• Task to carry out
Take the line containing "main property photo 16" and every line below it through the end of the entries, and output them verbatim, pictures excluded.

• Image-caption web data
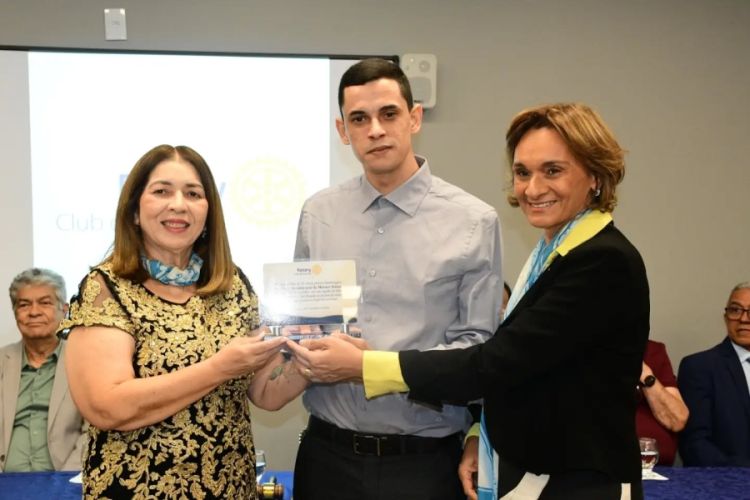 Noite reuniu dirigentes, presidentes e ex-presidentes de clubes do Rotary no Piauí e no Maranhão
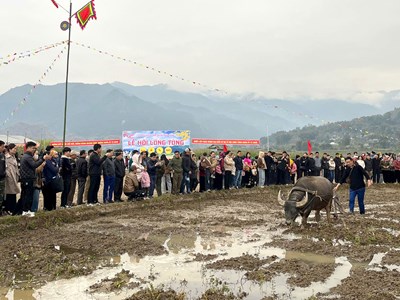 Đặc sắc lễ hội “Lùng tùng” của người Thái ở Than Uyên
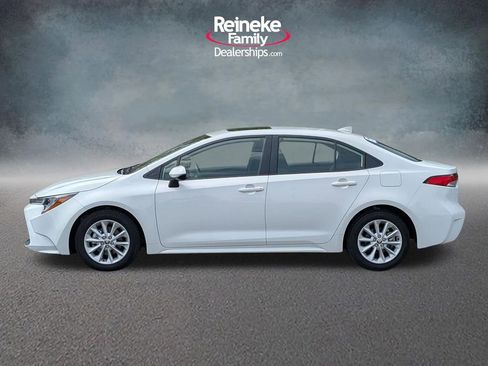 Used 2022 Toyota Corolla LE w/ LE Premium Package FWD image 9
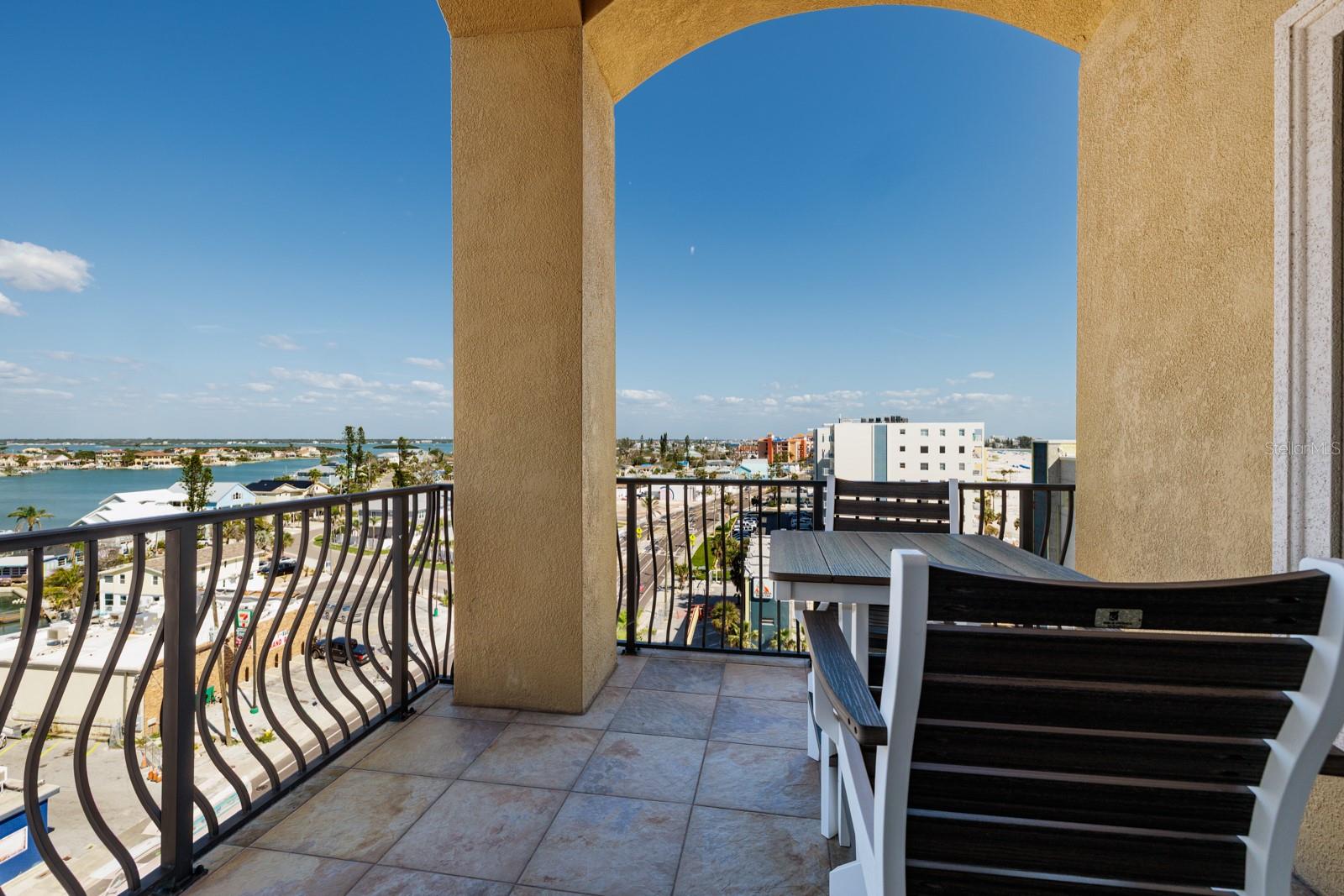 Image 35 of 73 For 13600 Gulf Boulevard 700a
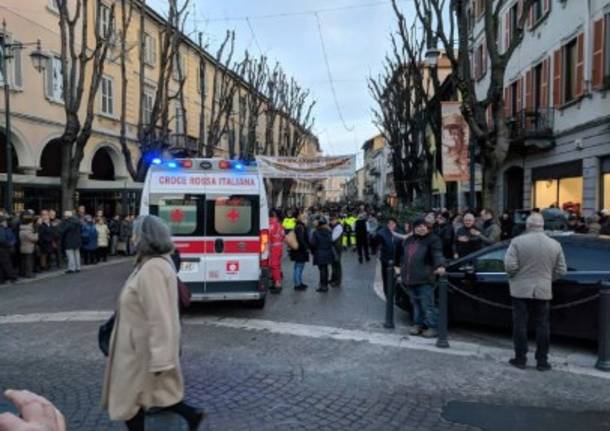 Figurante ferito da un cavallo nel corso del corteo di Sant\'Antonio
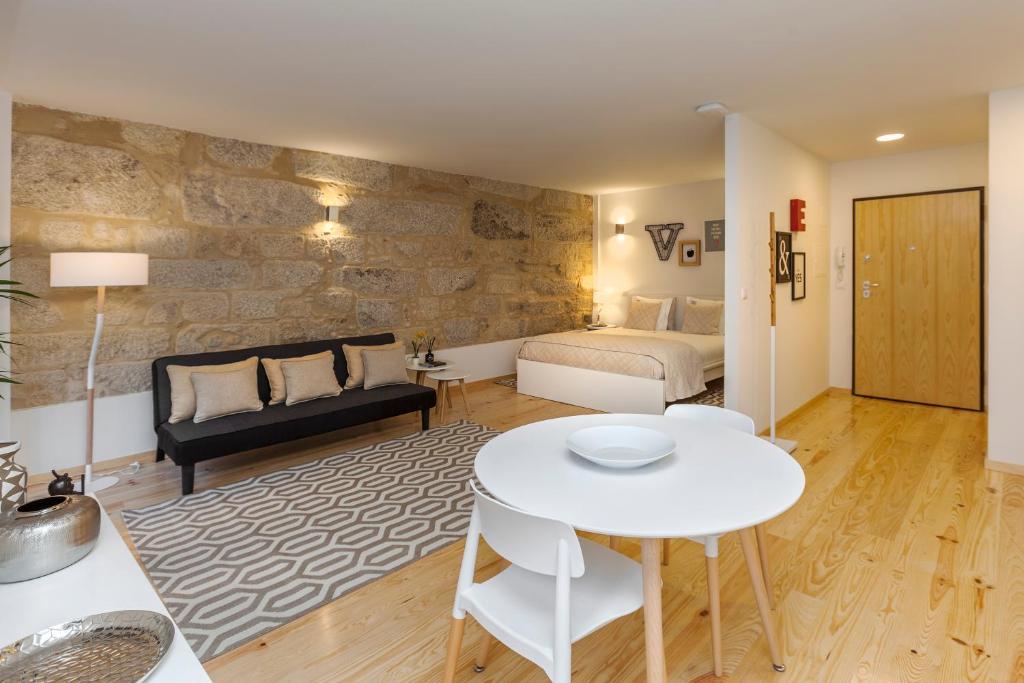 Oporto Local Studios - Superior Studio With Balcony And City View
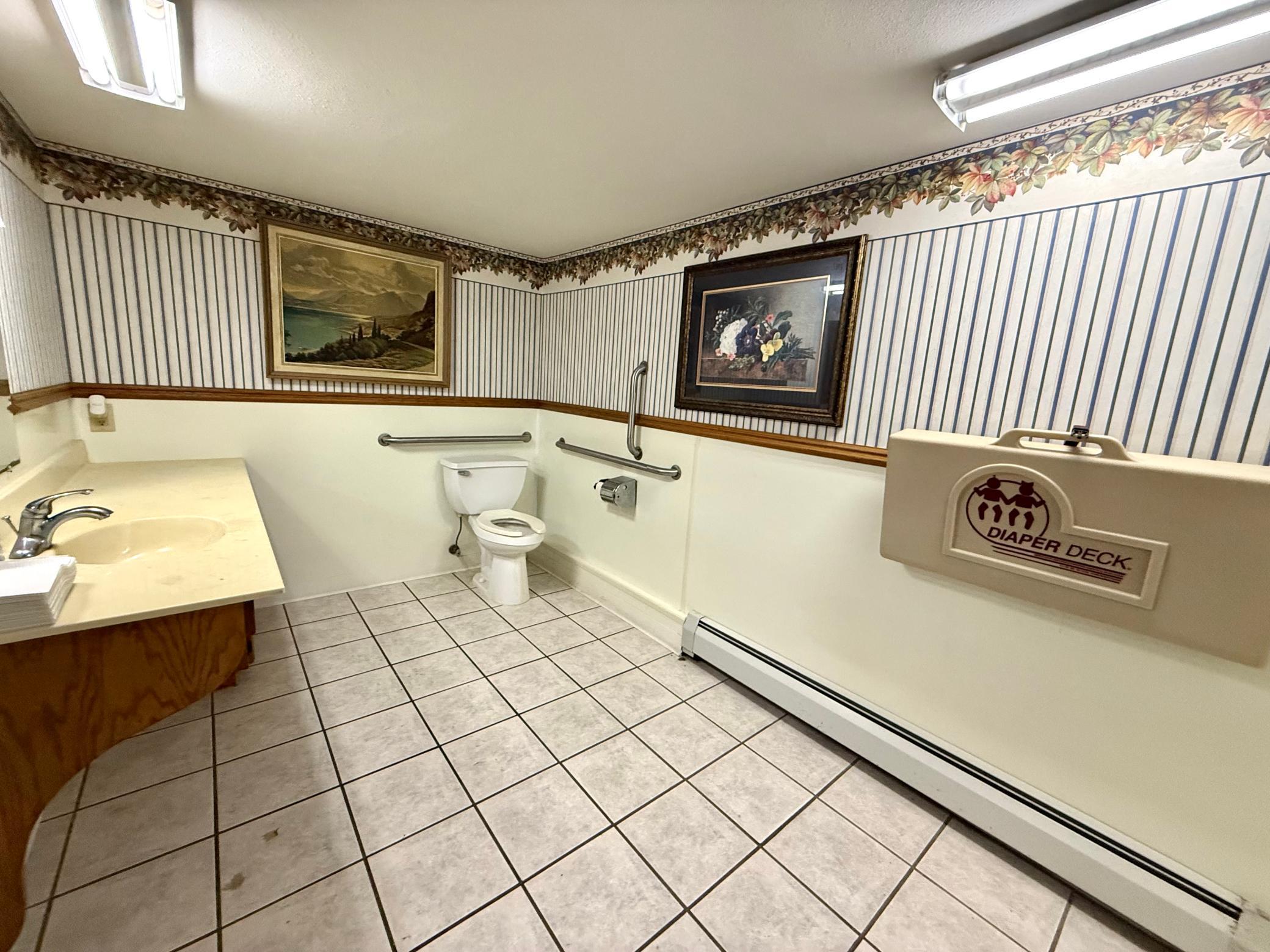 main property photo 16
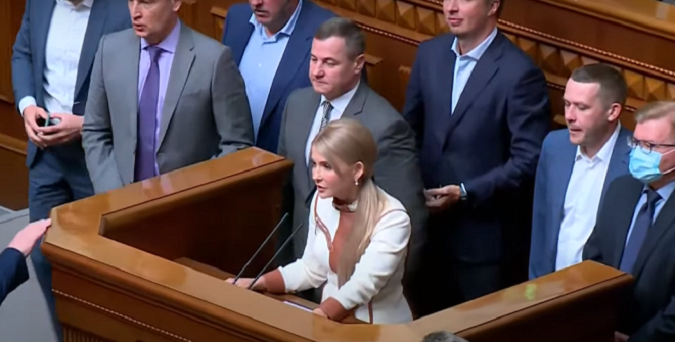 Тимошенко вимагає ухвалити два розроблених «Батьківщиною» закони (відео)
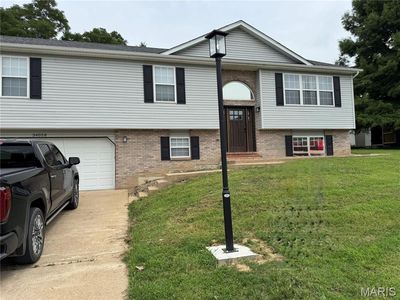 Property at 34058 Sailboat Ct, Brighton, IL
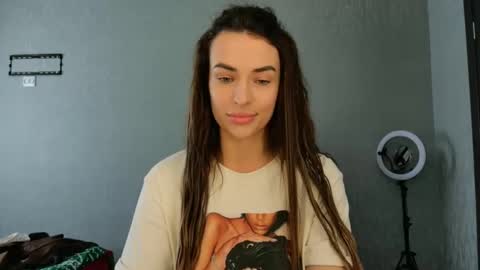 Kira love1 online show from 04-15-26, 09:16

• Output for this exercise
 main property photo 16
 Тимошенко вимагає ухвалити два розроблених «Батьківщиною» закони (відео)
 Property at 34058 Sailboat Ct, Brighton, IL
 Kira love1 online show from 04-15-26, 09:16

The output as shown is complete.